Existing code agent benchmarks (SWE-bench, HumanEval, DS-1000) evaluate either pure code generation or structured data manipulation, never both simultaneously in a large-scale, noisy environment. Yet any data engineer knows that 60–70% of real work involves *finding* the right files before writing a single line of code. CODA-BENCH (arXiv:2606.15300) closes this gap by imposing a dual constraint on agents: complex filesystem exploration combined with analytical code generation.

The benchmark is built on the Kaggle ecosystem — hundreds of public datasets organized across 31 thematic communities. Each task environment contains an average of **980 files**, simulating the noise and density of a real data project. The 1,009 tasks cover realistic analytical scenarios: aggregations, multi-file joins, conditional transformations, and visualizations.

### 2. The numbers that matter

The headline result: **61.1% success rate for the best-performing agent tested**. This ceiling is striking when compared to performance on isolated benchmarks — where the same models approach or exceed 80–90% on pure code tasks (GPT-4o on HumanEval: ~90%). The ~30-point gap is not an artifact of added algorithmic difficulty: it reflects a structural inability of current agents to orchestrate resource discovery and code execution in a coherent pipeline.

The 31 communities enable domain-level analysis: certain verticals (finance, biology) feature deeper file hierarchies and less standardized schemas, further degrading performance. The benchmark explicitly distinguishes *data discovery* errors (wrong file selected) from *code execution* errors (right file, wrong processing) — a methodologically valuable diagnostic split.

### 3. Why the gap exists — structural analysis

Three mechanisms explain the 61.1% ceiling:

**a) Cost of unguided exploration.** With ~980 files per environment, an agent lacking an efficient indexing strategy burns a significant fraction of its context window on navigation. Current agents tend to either over-explore (context overflow) or under-explore (first plausible file retained without verification).

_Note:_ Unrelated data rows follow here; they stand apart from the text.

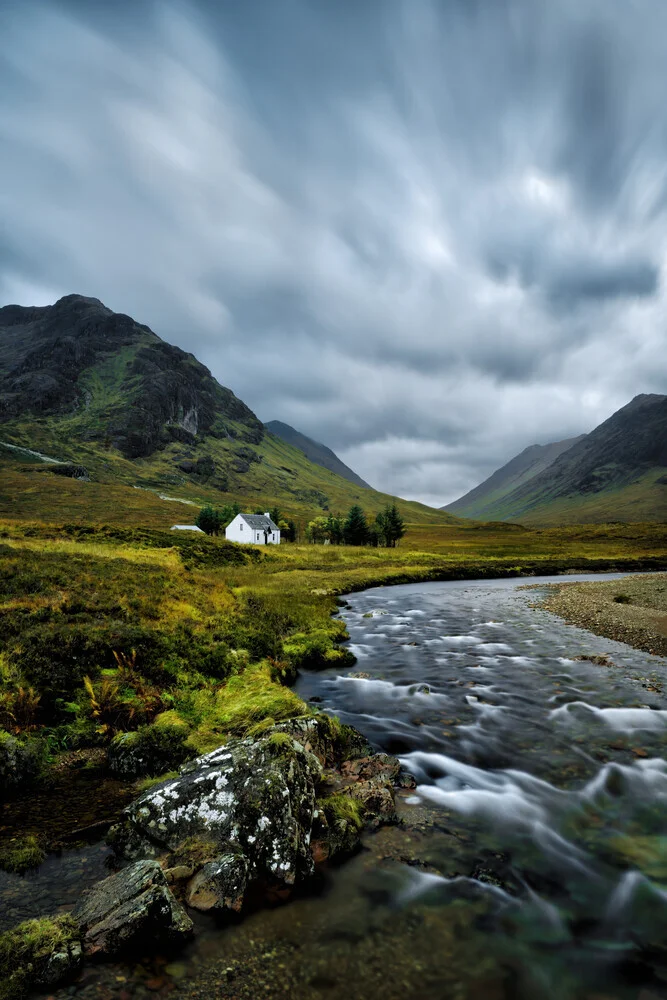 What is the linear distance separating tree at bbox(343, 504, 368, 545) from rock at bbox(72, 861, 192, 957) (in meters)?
111

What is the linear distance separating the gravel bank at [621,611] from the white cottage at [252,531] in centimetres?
7239

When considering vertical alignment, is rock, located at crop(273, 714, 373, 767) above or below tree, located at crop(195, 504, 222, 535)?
below

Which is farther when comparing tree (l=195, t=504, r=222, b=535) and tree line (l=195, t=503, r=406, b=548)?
tree (l=195, t=504, r=222, b=535)

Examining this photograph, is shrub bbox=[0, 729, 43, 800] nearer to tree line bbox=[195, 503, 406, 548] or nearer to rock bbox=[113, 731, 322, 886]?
rock bbox=[113, 731, 322, 886]

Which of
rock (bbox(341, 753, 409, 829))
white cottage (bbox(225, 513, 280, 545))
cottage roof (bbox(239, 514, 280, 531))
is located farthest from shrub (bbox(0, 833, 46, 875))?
cottage roof (bbox(239, 514, 280, 531))

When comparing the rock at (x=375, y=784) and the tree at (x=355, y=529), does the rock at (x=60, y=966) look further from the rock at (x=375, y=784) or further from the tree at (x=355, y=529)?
the tree at (x=355, y=529)

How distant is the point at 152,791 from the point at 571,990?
6050 mm

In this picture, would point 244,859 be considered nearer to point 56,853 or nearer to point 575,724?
point 56,853

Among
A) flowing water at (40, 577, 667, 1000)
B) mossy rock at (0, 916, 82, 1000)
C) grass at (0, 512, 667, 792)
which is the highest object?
grass at (0, 512, 667, 792)

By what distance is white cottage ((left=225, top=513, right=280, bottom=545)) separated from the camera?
347 ft

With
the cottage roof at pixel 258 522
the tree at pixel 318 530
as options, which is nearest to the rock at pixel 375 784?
the cottage roof at pixel 258 522

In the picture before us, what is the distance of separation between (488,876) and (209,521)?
118218 mm

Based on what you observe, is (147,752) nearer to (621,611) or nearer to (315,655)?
(315,655)

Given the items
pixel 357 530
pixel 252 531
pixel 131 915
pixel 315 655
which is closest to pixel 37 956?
pixel 131 915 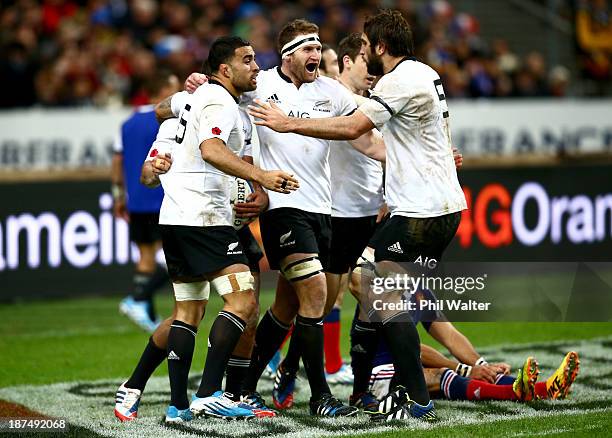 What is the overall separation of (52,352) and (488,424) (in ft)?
15.0

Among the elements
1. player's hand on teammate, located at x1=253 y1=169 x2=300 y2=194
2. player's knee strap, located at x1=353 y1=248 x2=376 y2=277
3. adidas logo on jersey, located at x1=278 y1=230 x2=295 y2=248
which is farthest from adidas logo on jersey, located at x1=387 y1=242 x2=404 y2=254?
player's hand on teammate, located at x1=253 y1=169 x2=300 y2=194

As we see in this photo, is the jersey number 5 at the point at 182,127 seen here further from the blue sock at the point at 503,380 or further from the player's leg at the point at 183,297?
the blue sock at the point at 503,380

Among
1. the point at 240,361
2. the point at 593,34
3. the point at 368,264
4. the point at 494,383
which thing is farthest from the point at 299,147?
the point at 593,34

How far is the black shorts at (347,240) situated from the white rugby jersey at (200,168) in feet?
3.67

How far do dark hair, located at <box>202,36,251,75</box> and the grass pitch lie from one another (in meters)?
2.14

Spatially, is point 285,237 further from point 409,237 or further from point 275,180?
point 409,237

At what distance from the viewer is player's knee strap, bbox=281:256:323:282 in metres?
6.67

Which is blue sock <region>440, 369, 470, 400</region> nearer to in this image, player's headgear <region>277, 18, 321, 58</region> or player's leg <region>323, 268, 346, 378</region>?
player's leg <region>323, 268, 346, 378</region>

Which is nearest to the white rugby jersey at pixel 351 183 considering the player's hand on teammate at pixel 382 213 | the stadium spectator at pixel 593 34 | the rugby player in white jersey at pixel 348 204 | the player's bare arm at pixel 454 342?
the rugby player in white jersey at pixel 348 204

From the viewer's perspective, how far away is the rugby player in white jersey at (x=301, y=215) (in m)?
6.71

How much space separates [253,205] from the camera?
6.75 m

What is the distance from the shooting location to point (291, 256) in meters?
6.70

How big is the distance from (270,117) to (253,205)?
0.63 metres

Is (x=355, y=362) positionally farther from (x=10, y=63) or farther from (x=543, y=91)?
(x=543, y=91) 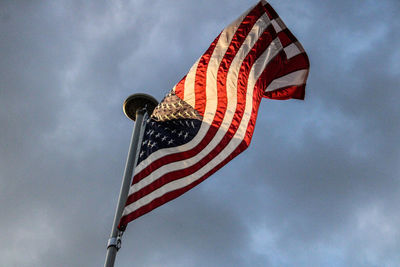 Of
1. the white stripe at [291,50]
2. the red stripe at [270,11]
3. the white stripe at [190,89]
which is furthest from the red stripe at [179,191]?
the red stripe at [270,11]

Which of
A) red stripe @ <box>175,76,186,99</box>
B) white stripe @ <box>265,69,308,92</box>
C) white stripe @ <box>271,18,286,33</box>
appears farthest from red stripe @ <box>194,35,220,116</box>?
white stripe @ <box>265,69,308,92</box>

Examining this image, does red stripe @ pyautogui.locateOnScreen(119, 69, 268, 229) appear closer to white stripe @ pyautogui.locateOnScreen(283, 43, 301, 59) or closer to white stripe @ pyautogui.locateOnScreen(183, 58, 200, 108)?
white stripe @ pyautogui.locateOnScreen(183, 58, 200, 108)

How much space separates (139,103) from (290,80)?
4.27 m

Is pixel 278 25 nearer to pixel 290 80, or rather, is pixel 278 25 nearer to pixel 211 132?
pixel 290 80

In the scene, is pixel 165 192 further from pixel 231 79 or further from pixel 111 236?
pixel 231 79

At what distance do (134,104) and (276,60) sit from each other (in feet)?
12.4

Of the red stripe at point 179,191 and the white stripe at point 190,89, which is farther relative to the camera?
the white stripe at point 190,89

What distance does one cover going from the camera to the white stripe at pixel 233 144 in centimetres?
917

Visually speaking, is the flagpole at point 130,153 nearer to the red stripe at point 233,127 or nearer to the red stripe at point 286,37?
the red stripe at point 233,127

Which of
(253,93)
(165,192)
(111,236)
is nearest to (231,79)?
(253,93)

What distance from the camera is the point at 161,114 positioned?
35.8ft

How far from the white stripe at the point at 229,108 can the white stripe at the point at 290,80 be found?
1367 millimetres

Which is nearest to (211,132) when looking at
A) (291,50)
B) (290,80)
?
(290,80)

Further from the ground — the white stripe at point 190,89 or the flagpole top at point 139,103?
the white stripe at point 190,89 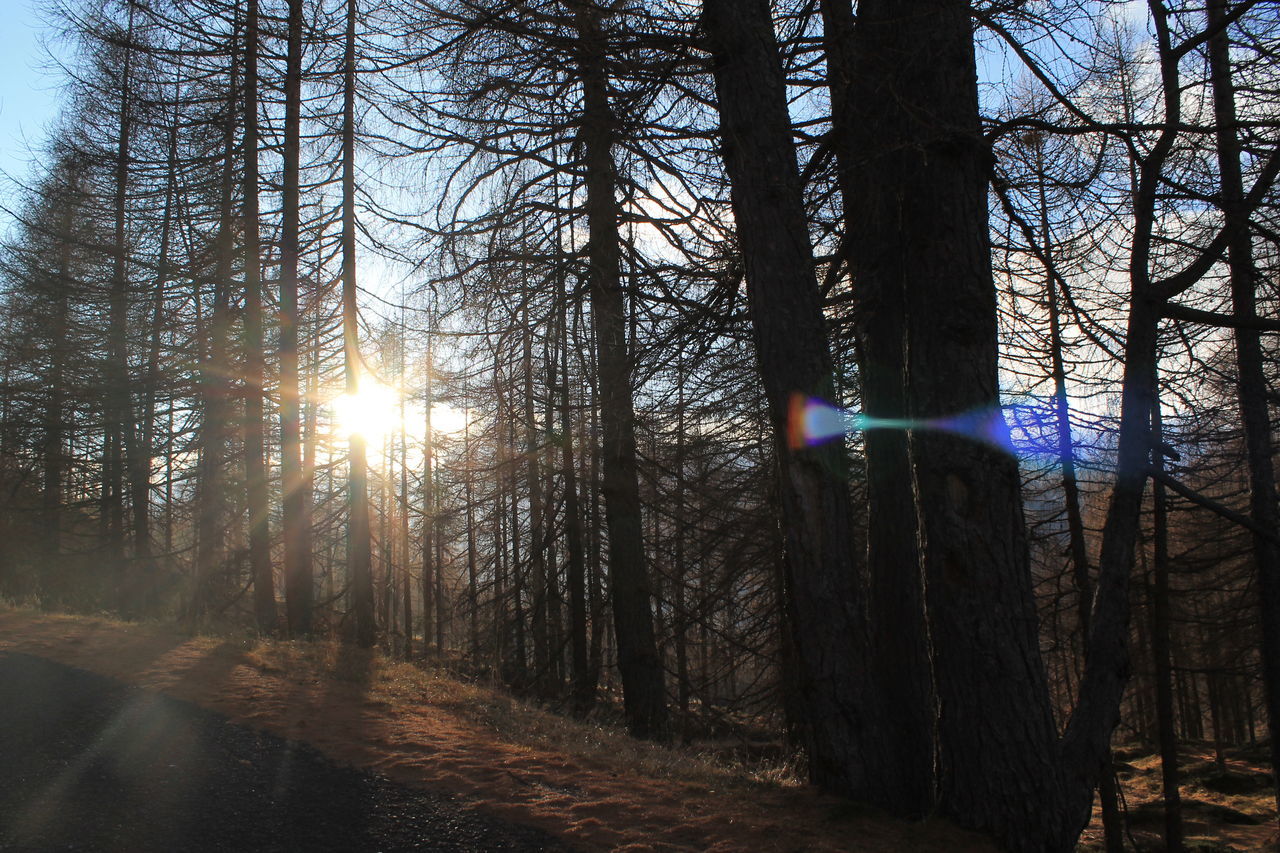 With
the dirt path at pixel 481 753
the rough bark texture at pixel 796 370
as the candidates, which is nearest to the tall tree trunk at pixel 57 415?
the dirt path at pixel 481 753

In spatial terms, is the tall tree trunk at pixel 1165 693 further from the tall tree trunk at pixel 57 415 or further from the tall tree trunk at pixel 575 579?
the tall tree trunk at pixel 57 415

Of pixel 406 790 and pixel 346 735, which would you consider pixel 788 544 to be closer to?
pixel 406 790

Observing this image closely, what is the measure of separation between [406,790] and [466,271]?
18.9ft

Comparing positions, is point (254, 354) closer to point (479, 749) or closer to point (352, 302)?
point (352, 302)

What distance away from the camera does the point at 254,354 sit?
13250mm

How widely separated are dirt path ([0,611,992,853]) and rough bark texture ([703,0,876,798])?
58 centimetres

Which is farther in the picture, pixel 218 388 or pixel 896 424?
pixel 218 388

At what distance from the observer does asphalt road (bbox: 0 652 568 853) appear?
13.2 feet

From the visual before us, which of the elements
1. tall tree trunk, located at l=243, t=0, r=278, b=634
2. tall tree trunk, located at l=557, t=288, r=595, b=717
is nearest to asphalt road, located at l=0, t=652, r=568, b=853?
tall tree trunk, located at l=243, t=0, r=278, b=634

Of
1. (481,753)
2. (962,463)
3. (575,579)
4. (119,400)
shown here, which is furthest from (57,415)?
(962,463)

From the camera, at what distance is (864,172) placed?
5977mm

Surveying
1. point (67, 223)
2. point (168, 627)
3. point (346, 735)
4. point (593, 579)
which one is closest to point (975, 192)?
point (346, 735)

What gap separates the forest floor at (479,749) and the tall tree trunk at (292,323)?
2.33m

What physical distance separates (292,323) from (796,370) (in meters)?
10.1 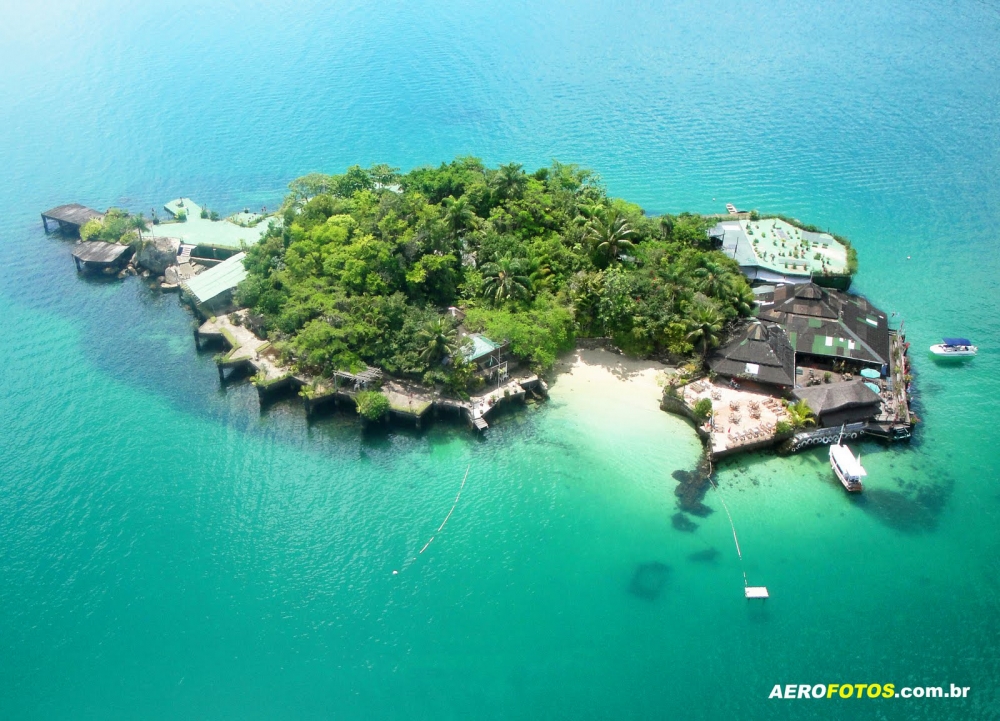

**b) Absence of persistent episodic memory.** LLM agents without external memory cannot build a mental map of the filesystem across tool calls. Each sub-task restarts from scratch, multiplying consistency errors between steps.

**c) Misalignment between reward signal and optimal behavior.** Agents trained on pure code optimize for syntactically correct output, not for validating that input data actually matches the problem specification. This training bias manifests directly in data discovery failures.

### 4. Losers and practical implications

**Direct losers:** Agent frameworks positioning themselves on data pipeline automation (AutoGPT-style systems, certain Copilot agents) have their real ceiling exposed. A 61.1% rate in a controlled environment implies substantially lower performance in production, where filesystems are even less structured.

**Indirect losers:** Teams that have deployed autonomous agents on data analysis tasks without an appropriate validation benchmark. CODA-BENCH now provides a qualification tool that these deployments lacked.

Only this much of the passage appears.